For Mr. Frey to think that the early occupation of the Ganda site was simultaneous with the time that Greenhalgh visited the Mohawks Castles in 1677 and for Mr. Harrington to confirm the same with an opinion that the first habitation was in the last half of the 17th century-surely is not founded in conformity with the remains recovered from this site.

From the accounts of Champlain describing his battle with the Mohawks on Point Ticonderoga on the 30th day of July, 1609, he informed us that the Mohawks, "fell trees with poor axes which they sometimes get in war, and others of stone." Thus it is clearly evident that the Mohawks were not in a position to secure iron axes from Traders prior to this battle.

But upon the arrival of Henry Hudson, near Albany, in September, 1609 and traded "beades, knives and hatchets" for furs and the establishment of a Trading Post at Fort Orange by the Dutch immediately thereafter; and from the fact the Dutch aided the Mohawks in their was with the aborigines on the Delaware, in 1614, as Champlain informed us, the Mohawks were surely supplied with iron axes as speedily as possible for no Indian would use a stone axe if an iron one was obtainable.

Thus it may be positively concluded that the Mohawks discontinued the use of stone axes and stone implements, excepting arrow points, somewhat prior to 1620; and this fact is fully confirmed by the sties of the six new villages and castles which the Mohawks established about 1626 that they do not disclose stone implements but they do disclose Indian pottery but to a lesser extent than on the earlier sties.

In October, 1666, all the Mohawks' villages and castles were burned by the French and those erected thereafter do no disclose stone implements or the use of Indian pottery, but arrow points have been found.

Of course if the period of occupancy of a site overlaps or continues through the various periods of changes to the use of certain white man's wares, we must construct our conclusions to conform with the remains.

It is also Mr.

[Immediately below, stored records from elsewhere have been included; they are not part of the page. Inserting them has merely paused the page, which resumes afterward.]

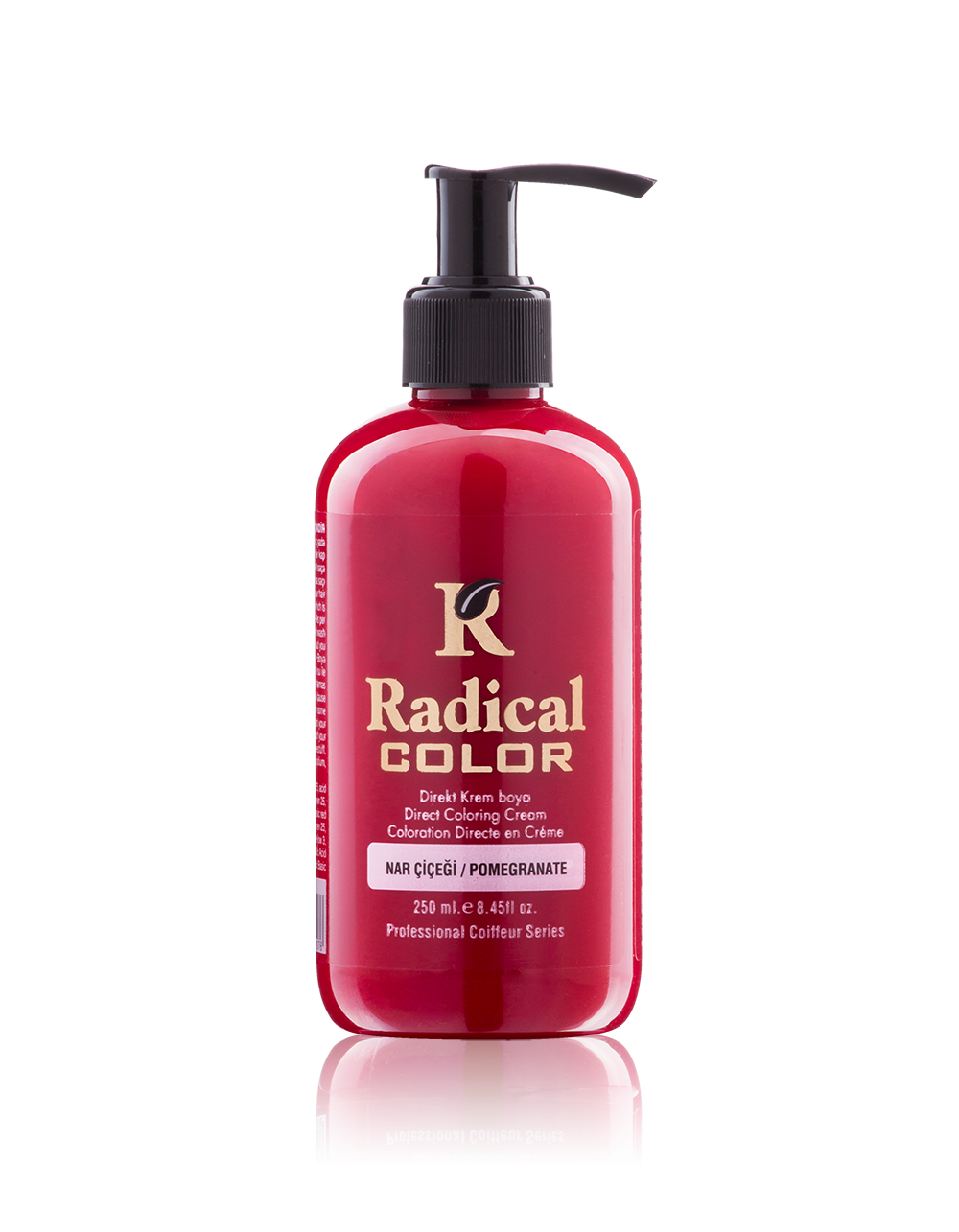 RADICAL COLOR SAÇ BOYASI 250ml NAR ÇİÇEĞİ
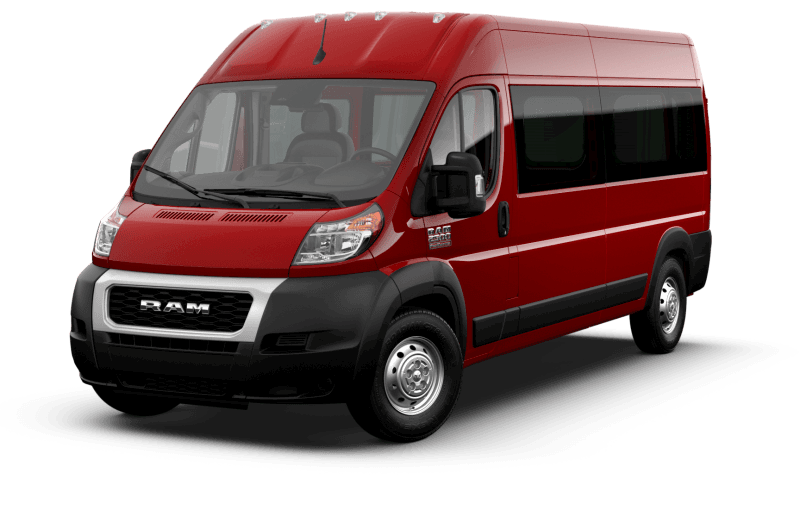 2022 Ram ProMaster® 2500 Window Van - Flame Red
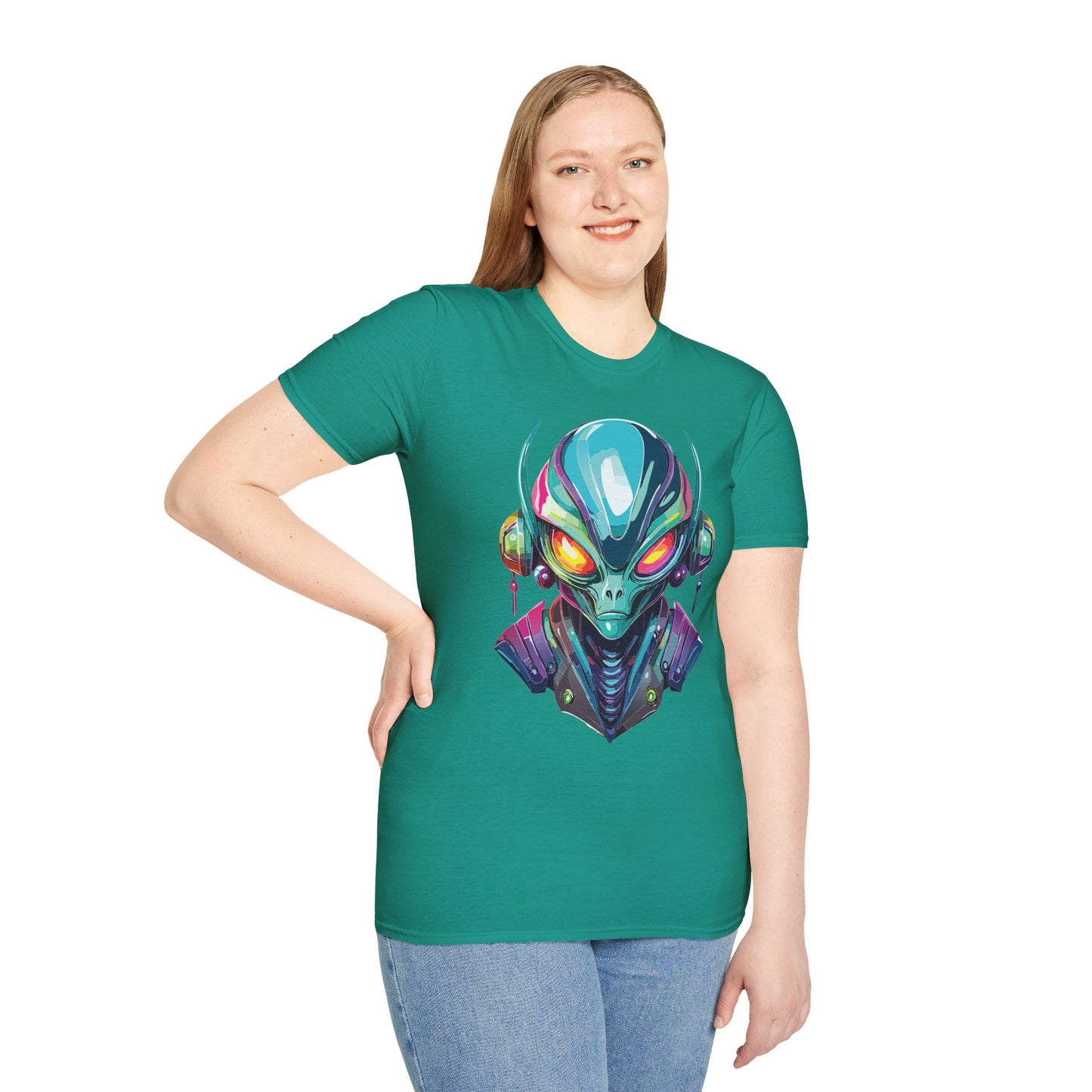 Alien T Shirt, Cosmos Shirt, Shirt with Aliens, Cosmo Shirts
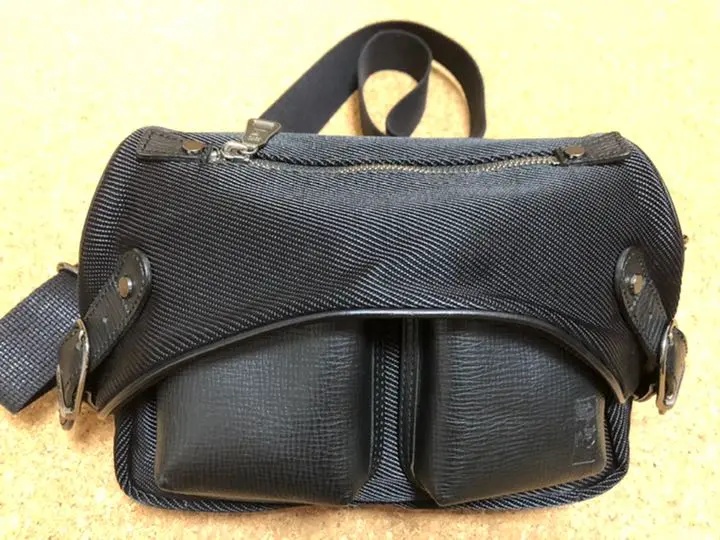 ✨美品✨リンク LIN-KU ショルダーバッグ 極 A4可 ブラック 極 KIWAMI A5ショルダー（ミニショルダー） | 鞄・バッグ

Harrington's opinion that the habitation of the Ganda Site in the second period was probably late in the 18th century.

The fact is there were no Indian settlements in the Mohawk River valley subsequent to 1777. Their villages were raided and burned by the Oneida Iroquois in September, 1777 and all departed for Canada.

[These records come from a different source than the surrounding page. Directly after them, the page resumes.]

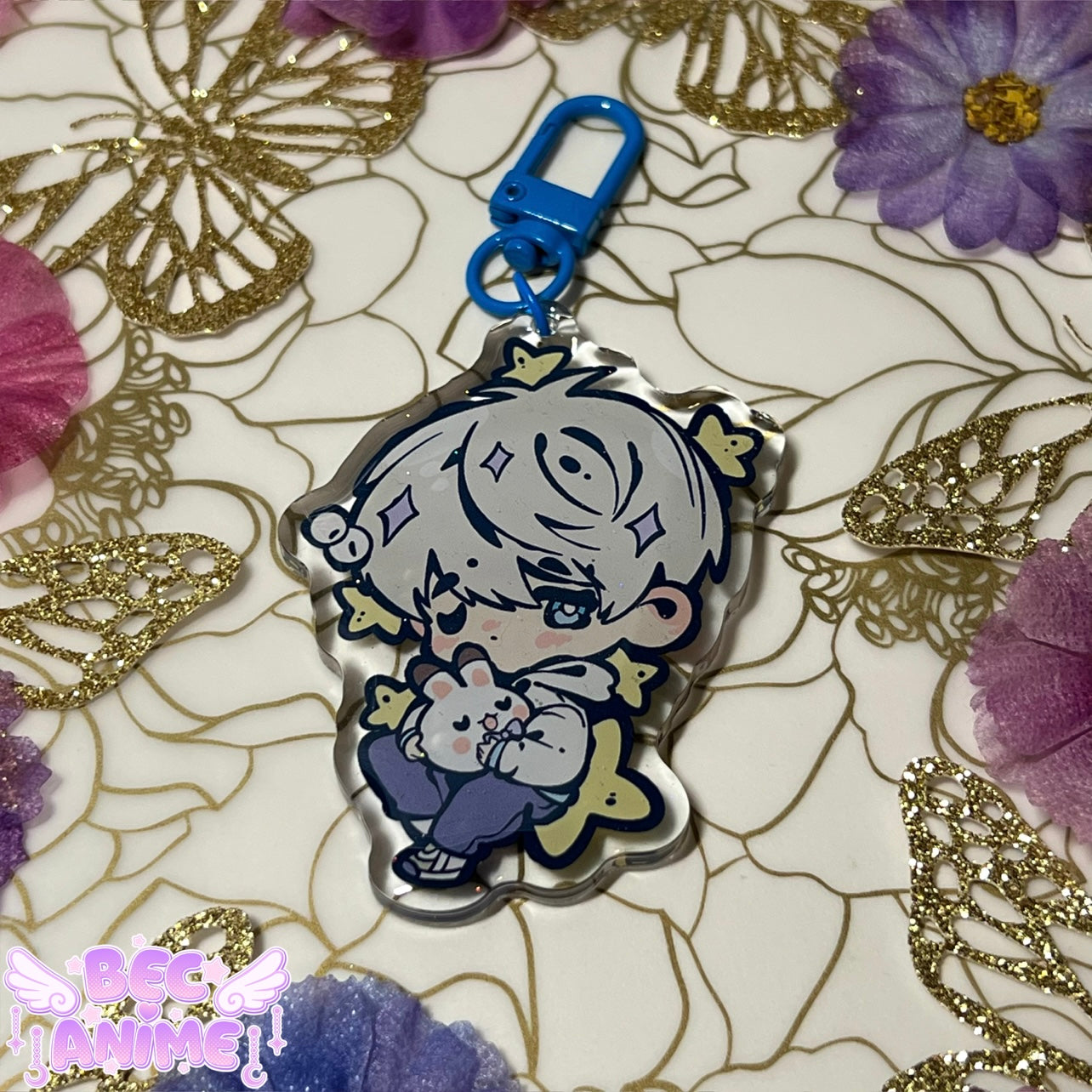 Rich Husbands Keychains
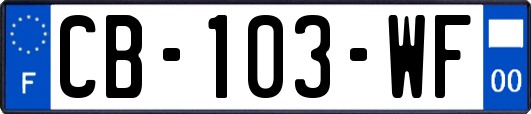 CB-103-WF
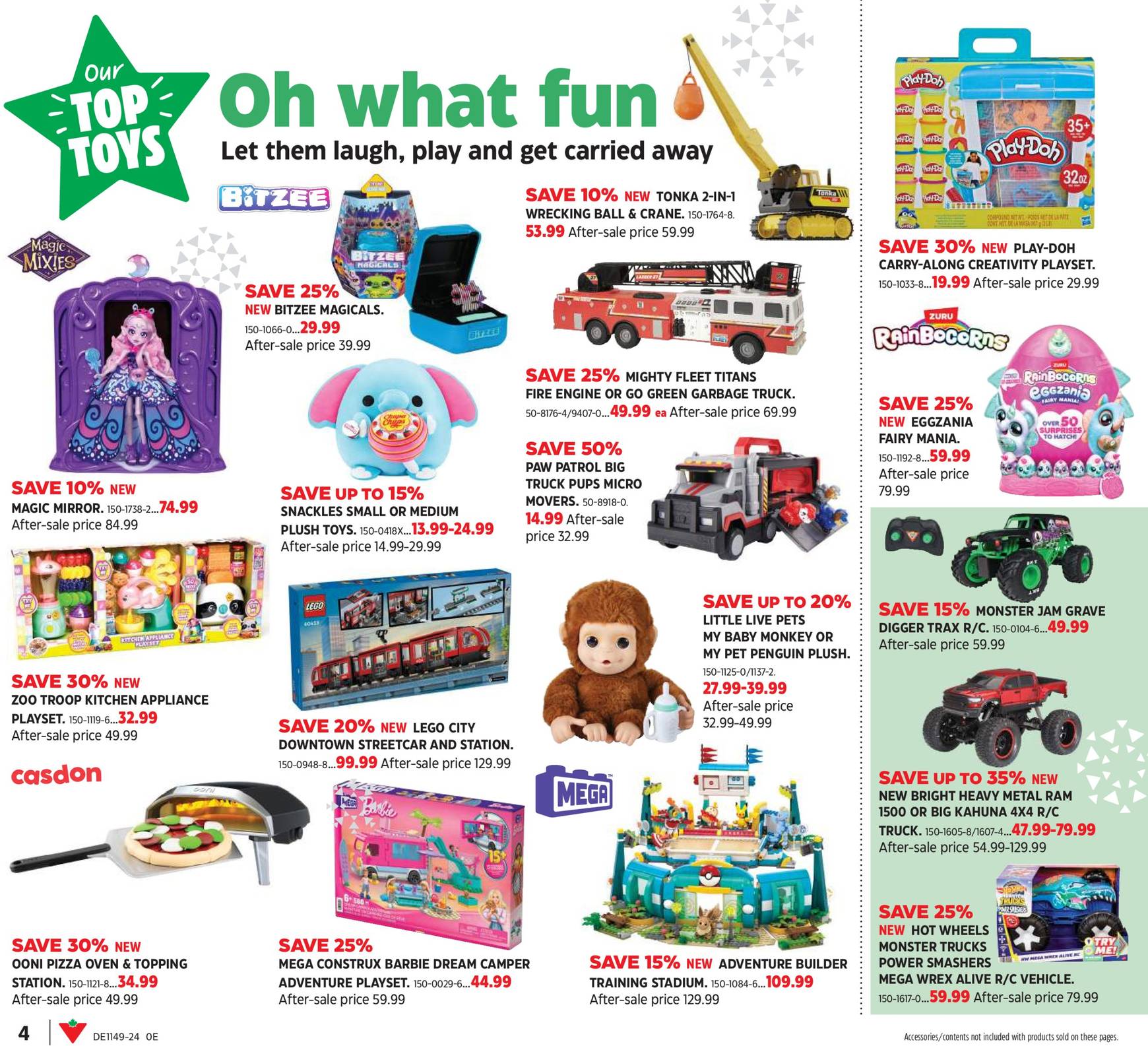 canadian-tire - Canadian Tire - Christmas gift inspirations flyer valid from 11-28 - 12-24 - page: 4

Furthermore the only settlements on the Mohawk River subsequent to February, 1693 were:

The Three tribes of the Ganniege, Mohawks at Fort Hunter, from 1693 to 1777.

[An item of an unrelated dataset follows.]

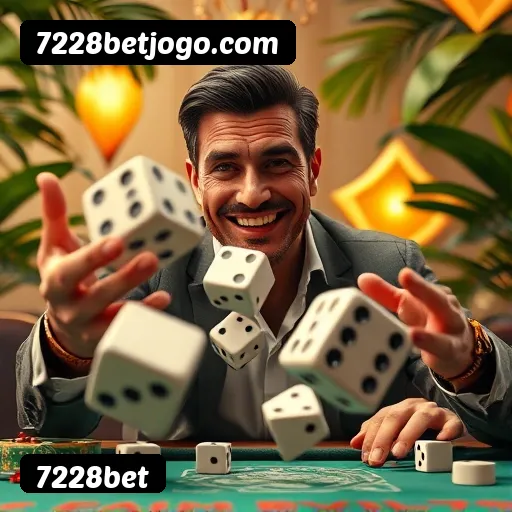 Cassino ao Vivo 7228bet - Dealers Brasileiros Profissionais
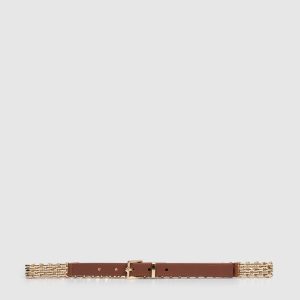 Brown combination belt Max Mara Weekend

The Ononjota Indians about a mile westerly of Sprakers from 1693 to 1700 and thereafter at Schoharie and

The Canajoha Indians on Prospect Hill in Fort Plain from 1689 to 1715 and at Indian Castle from 1715 to 1777.

Thus it becomes clearly evident that there was no second period of Tribal habitation of the Ganda Site.

But was we have disclosed that many of the principal Sachems of the Iroquois resided in private cabins at some distance from their Tribal Castles and preferably on sites of abandoned villages or castles.

Moreover the Ganda Site was without doubt a most favorable fishing place-near the outlet of the Crum Creek and the Mohawk River and Dominie Megapolensis informed us in 1644 that the water of the Mohawk River "is clear as crystal and as fresh as mil," In this river is a great plenty of all kinds of fish, pike, shad, bass, eels, perch, lampreys, sucker, catfish, sunfish, etc. In the spring in May, the perch are so plenty that one man with a hook and line will catch in one hour as many as ten or twelve can eat. My boys have caught in an hour fifty, each a foot long. They have three hooks on the instrument with which they fish and draw up frequently two or three perch at once.

Thus it would appear as if the Ganda Site was continuously occupied, more or less throughout the entire period that the Mohawks occupied the valley and more especially during 1689-1693 when the final castle of Teonondoge was located on the easterly point of Fort Hill, only a mile distant.

From our historical records an from the facts which they disclose as well as from the Stone implements recovered from the Ganda Site it is clearly and convincingly evident that it was the site of the castle of Tionondoge from about 1565 to 1610 and this is apparently the only site in the country of the Mohawks that its occupation has been entirely prehistoric.